Current thread_id changing after suspending in direct execution
Background
@hkaiser I came across this issue while investigating the current hangs in cancelable_action test.
In that test, the current thread_id is firstly obtained using hpx::this_thread::get_id() (through a reset_id helper object).
Then, we have a workloop that occasionally suspends, waiting to be interrupted (hpx::thread::interrupt(id_)).

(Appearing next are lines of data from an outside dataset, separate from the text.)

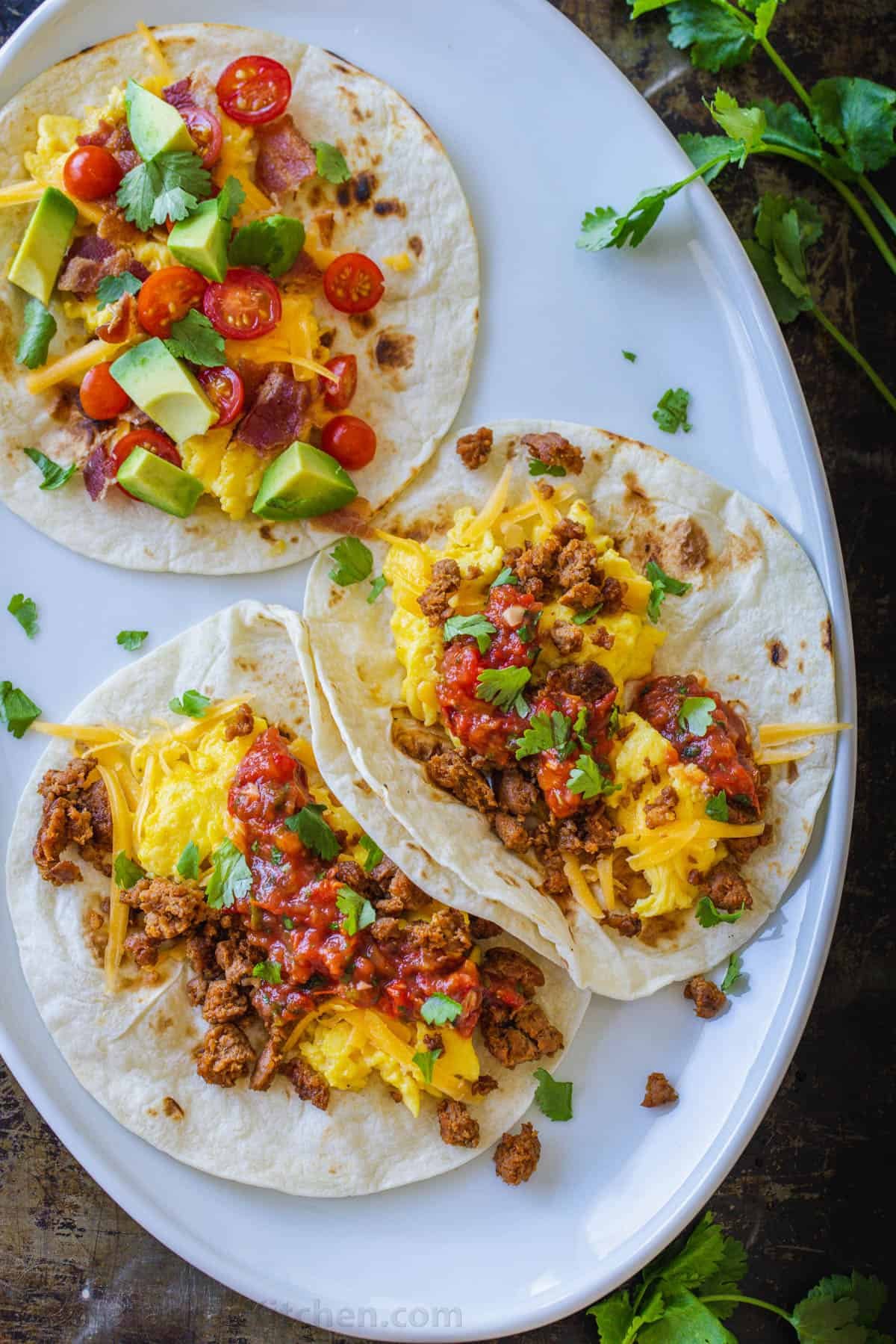 Overhead view of three breakfast tacos on a white plate.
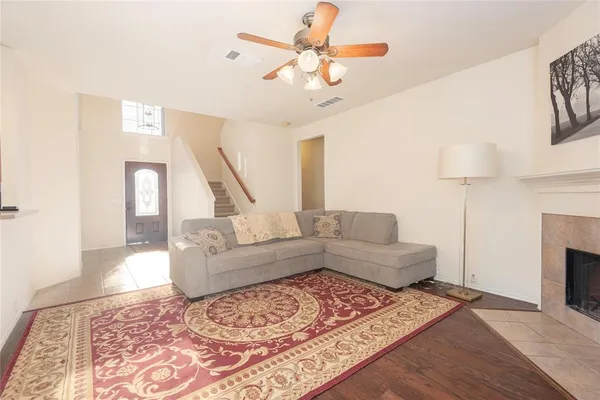 a living room with furniture and a fireplace
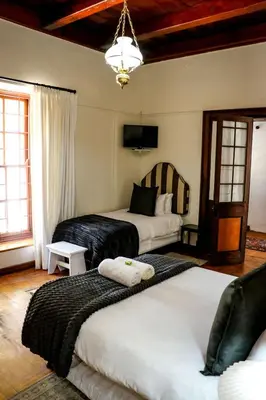 a bedroom with two beds and a chandelier at Palm La Vie in Worcester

https://github.com/STEllAR-GROUP/hpx/blob/bc993dd15b9252908e0b30b9ed5efd830cf99909/examples/cancelable_action/cancelable_action/server/cancelable_action.hpp#L81-L94
Issue
I found that calling hpx::this_thread::get_id() before and after hpx::this_thread::suspend() would often return a different id.
I believe this is due to the way yielding is handled when utilizing direct execution:
https://github.com/STEllAR-GROUP/hpx/blob/bc993dd15b9252908e0b30b9ed5efd830cf99909/libs/core/coroutines/include/hpx/coroutines/detail/coroutine_stackful_self_direct.hpp#L34-L39
coroutine_stackful_self_direct falls back to next_self_ (its calling context) for yielding, which will fail to correctly restore the state after yielding:
https://github.com/STEllAR-GROUP/hpx/blob/bc993dd15b9252908e0b30b9ed5efd830cf99909/libs/core/coroutines/include/hpx/coroutines/detail/coroutine_stackful_self.hpp#L32-L42
If I understand correctly, reset_self_on_exit will cause the static variable local_self_ to refer to the "simple" (coroutine_stackful_self) coroutine after yielding (and not to the direct coroutine where it used to before the yield, see the use of reset_self_on_exit on coroutine_impl::invoke_directly()).
The solution is probably simple, but I just barely got to understanding how these coroutines work, so I just hope I got things right fttb.
@Pansysk75 Yep, that's caused by the direct execution patch. cancelable_action should call get_outer_id instead (here: https://github.com/STEllAR-GROUP/hpx/blob/bc993dd15b9252908e0b30b9ed5efd830cf99909/examples/cancelable_action/cancelable_action/server/cancelable_action.hpp#L61). Excellent catch!
@Pansysk75 Yep, that's caused by the direct execution patch. cancelable_action should call
get_outer_idinstead (here:https://github.com/STEllAR-GROUP/hpx/blob/bc993dd15b9252908e0b30b9ed5efd830cf99909/examples/cancelable_action/cancelable_action/server/cancelable_action.hpp#L61
). Excellent catch!
I just realized that we don't have that - what an oversight! It should be added here: https://github.com/STEllAR-GROUP/hpx/blob/bc993dd15b9252908e0b30b9ed5efd830cf99909/libs/core/threading/include/hpx/threading/thread.hpp#L284 and here: https://github.com/STEllAR-GROUP/hpx/blob/bc993dd15b9252908e0b30b9ed5efd830cf99909/libs/core/threading/src/thread.cpp#L386-L389
The new code should be:
thread::id get_outer_id() noexcept
{
return thread::id(threads::get_outer_self_id());
}
That should work, but as a user I would really wonder what "outer" refers to and why I should use that (if I didn't know the implementation details). I was thinking of perhaps modifying the yield operation so that the state before and after the yield would be the same, if that is at all possible. That should make 'hpx::this_thread::get_id()' return some constant id (the one of the thread being "directly executed" i suppose) Is there a good reason why a different id should be reported right after suspension? Is it a bug or is it something that we expect?
Alternatively we could make the current implementation of get_id call the get_outer_self_id instead. Not sure what this would break, though...